In September 2022, the Department of Justice Office of Legal Counsel rubber-stamped the Biden Administration and HHS’s position that the Hyde Amendment did not prohibit HHS from funding transportation for abortion. Although the Hyde Amendment has been around since 1979, it was only then that the Biden administration claimed the Hyde Amendment restricts funding solely for the abortion procedure itself; that it still allows HHS to pay for abortion-related expenses, such as transportation and lodging.

But then, at the end of April, HHS’s Indian Health Service misinterpreted the Hyde Amendment again, this time claiming that, “the current IHS regulation does not align with the current text of the Hyde Amendment.” The agency attempted to argue that, because the Hyde Amendment was “revised” after the 1982 regulations to include exceptions for rape and incest, its regulations prohibiting federal funding for abortion are “outdated” and do “not align” with the amendment.

This is where the agency gets the Hyde Amendment wrong. In order to justify removing these regulations, IHS has implied that the Hyde Amendment actually requires funding for abortions in the cases of rape and incest.

But the Hyde Amendment is not a statute requiring funding for anything. It prohibits federal abortion funding, with specific exceptions. To put it another way, Hyde is a ceiling, not a floor. It does not require funding for any abortion; it merely bars funding for most abortions.

HHS has taken a lot of aggressive positions under this administration, but this may be its most ludicrous — that the Hyde Amendment, first introduced by the celebrated pro-life leader Henry Hyde to bar taxpayer funding of abortions, positively requires federal agencies to pay for abortions.

Without any explanation, IHS also removed other regulations that do not have anything to do with the Hyde Amendment, including regulations that explicitly allowed funding for medical treatments for ectopic pregnancies and recordkeeping requirements to ensure that no abortions were performed with IHS funds unless a doctor had certified that “the life of the mother would be endangered if the fetus were carried to term.”

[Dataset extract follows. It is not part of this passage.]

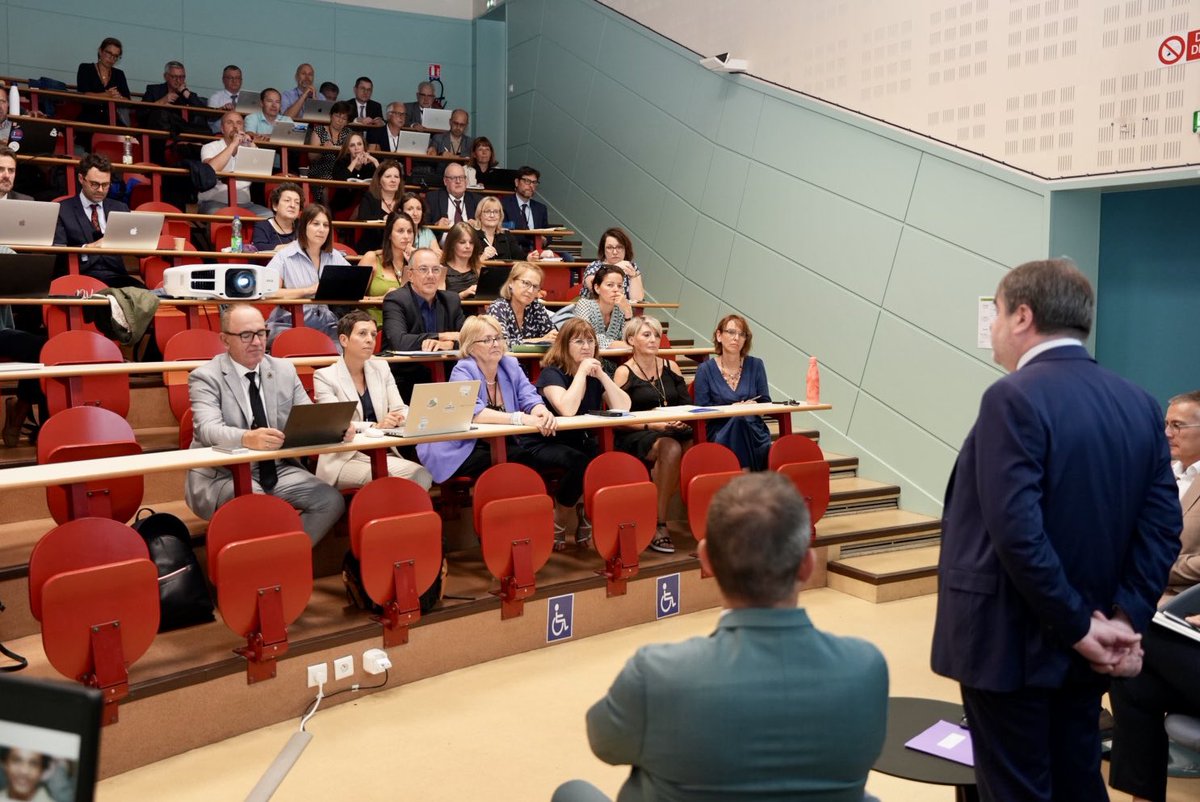 acnancymetz's tweet photo. Réunion du collège des inspecteurs autour du recteur @pf_mourier à l’approche de la #Rentrée2025
➡️Bilan de l’année scolaire écoulée, partage des tâches et lancement des priorités académiques et ministérielles pour cette nouvelle année sur la base de la circulaire de rentrée 2025 https://t.co/6wQ90qPXCT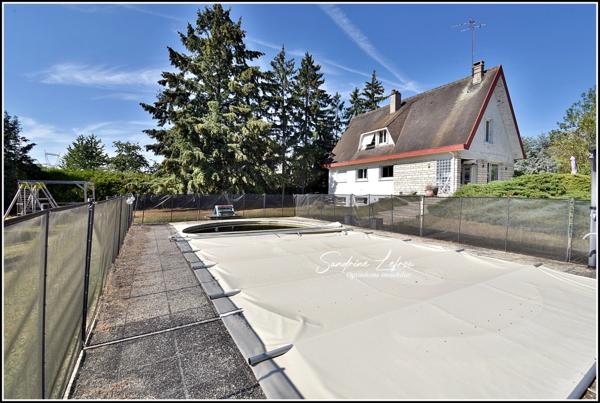 La Chaussée-d'Ivry – Maison familiale avec piscine, sous-sol total et plus de 2 788 m² de terrain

IHS's final rule ignored public comments that pointed out that it was misinterpreting the Hyde Amendment. Although IHS offered no justification for this rulemaking other than its claims about the Hyde Amendment, when commentators pointed out that IHS was misconstruing the effect of this law, IHS claimed that their remarks were irrelevant. The agency inexplicably stated that “comments about the substance and application of the Hyde Amendment itself are outside of the scope of this rulemaking,” a remark that was repeated four times in the five-page final rule.

The agency’s failure to respond to substantive comments and its refusal to justify its rule change is already striking, but the Biden administration's attempt to turn the Hyde Amendment into an abortion funding mandate is outright shocking. The only clear message in this most recent rulemaking is that Biden's administration will not let anything get in the way of its radical abortion agenda.

Eric Kniffin and Natalie Dodson serve in the Ethics and Public Policy Center's HHS Accountability Project. Eric also served as an attorney at the Justice Department’s Civil Rights Division under presidents George W. Bush and Obama.